For a project recently it was necessary to collect video frames of multiple streams during a specific interval, and in the future also audio, to pass it through an inference framework for extracting additional metadata from the media and attaching it to the frames.
While GStreamer has gained quite a bit of infrastructure in the past years for machine learning use-cases in the analytics library, there was nothing for this specific use-case yet.
As part of solving this, I proposed as design for a generic interface that allows combining and batching multiple streams into a single one by using empty buffers with a GstMeta
that contains the buffers of the original streams, and caps that include the caps of the original streams and allow format negotiation in the pipeline to work as usual.

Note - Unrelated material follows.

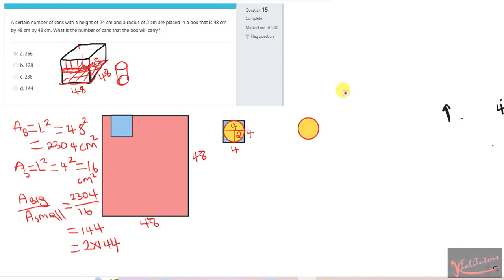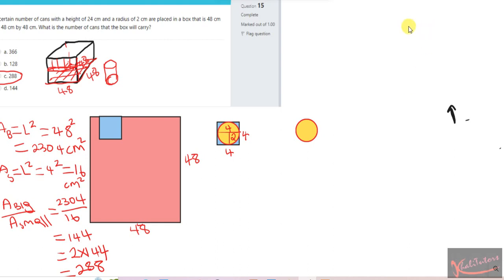Two times 144 equals 288. So the correct answer for this question is 288 cans. I hope this helps you understand the problem and that my calculations are clear enough to help you solve any similar problem in the future. Thank you for watching — please don't forget to subscribe.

While this covers my specific use case of combining multiple streams, it should be generic enough to also handle other cases that came up during the discussions.
In addition I wrote two new elements, analyticscombiner
and
analyticssplitter
, that make use of this new API for combining and batching
multiple streams in a generic, media-agnostic way over specific time
intervals, and later splitting it out again into the original streams. The combiner
can be configured to collect all media in the time interval, or only the first or last.
Conceptually the combiner element is similar to NVIDIA's DeepStream nvstreammux
element, and
in the future it should be possible to write a translation layer between the
GStreamer analytics library and DeepStream.
The basic idea for the usage of these elements is to have a pipeline like
-- stream 1 --\ / -- stream 1 with metadata --
-- analyticscombiner -- inference elements -- analyticssplitter --
-- stream 2 --/ \ -- stream 2 with metadata --
........ ......................
-- stream N -/ \- stream N with metadata --
The inference elements would only add additional metadata to each of the buffers, which can then be made use of further downstream in the pipeline for operations like overlays or blurring specific areas of the frames.
In the future there are likely going to be more batching elements for specific stream types, operating on multiple or a single stream, or making use of completely different batching strategies.
Special thanks also to Olivier and Daniel who provided very useful feedback during the review of the two merge requests.